Yo no sé si a Walter Lezcano lo robaron alguna vez, y si acaso tuvo que enrejar su casa. Ni siquiera sé si tiene una casa. Pero sí sé que sabe tomarle el pulso a esa realidad del día a día que nos abruma a todos. Con una escritura sencilla, Rejas logra hacernos pensar en qué carajo nos pasa a los que vivimos libres que tenemos que estar tras las rejas para sentirnos seguros, pero que daríamos lo que no tenemos para no ir presos. O tras las “rejas”, como quien dice.

Está muy bien que este cuento nos muestre una realidad que se nos plantea esquiva: no queremos creer que vivimos atolondrados por una seguridad del candado y la cerradura y que los chorros, los verdaderos chorros, se cagan de risa de nuestras preocupaciones.

Si yo tuviera una visión conspirativa del mundo diría que Rejas nos induce a pensar que los chorros laburan para las empresas de seguridad, para los herreros, para los fabricantes de candados y tantas otras cosas que ya han dicho otros antes y mejor, como un tal Marx, Carlos en su breve texto “Elogio del crimen”, que nos dice:

EI filósofo produce ideas, el poeta poemas, el cura sermones, el profesor compendios, etc. EI delincuente produce delitos. Fijémonos un poco más de cerca en la conexión que existe entre esta última rama de producción y el conjunto de la sociedad y ello nos ayudará a sobreponernos a muchos prejuicios. El delincuente no produce solamente delitos: produce: además, el derecho penal y, con ello, al mismo tiempo, al profesor encargado de sustentar cursos sobre esta materia y, además, el inevitable compendio en que este mismo profesor lanza al mercado sus lecciones como una "mercancía". Lo cual contribuye a incrementar la riqueza nacional, aparte de la fruición privada que, según nos hace ver, un testigo competente, el señor profesor Roscher, el manuscrito del compendio produce a su propio autor.

EI delincuente produce, asimismo, toda la policía y la administración de justicia penal: esbirros, jueces, verdugos, jurados, etc., y, a su vez, todas estas diferentes ramas de industria que representan otras tantas categorías de la división social del trabajo; desarrollan diferentes capacidades del espíritu humano, crean nuevas necesidades y nuevos modos de satisfacerlas. Solamente la tortura ha dado pie a los más ingeniosos inventos mecánicos y ocupa, en la producción de sus instrumentos, a gran número de honrados artesanos.

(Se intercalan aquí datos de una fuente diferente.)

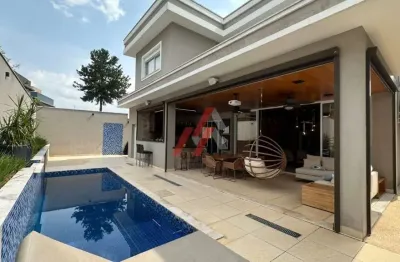 Casa em condomínio fechado com 4 quartos à venda no Alphaville, Santana de Parnaíba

Para terminar, digamos que esta narración de Walter Lezcano no plantea así directamente estas cuestiones ya que no es un estudio sociológico. Es simplemente literatura, que se encarga de poner frente a nuestros ojos la vida cotidiana, y las preguntas que necesariamente tenemos que hacernos cuando nos damos cuenta de que fuimos víctimas, una vez más, de un sistema que nos induce todo el tiempo a comprar, ya sea una tele que nos dirá que vivimos inseguros, como una reja que nos hará creer, por un efímero instante, que hemos conjurado el peligro.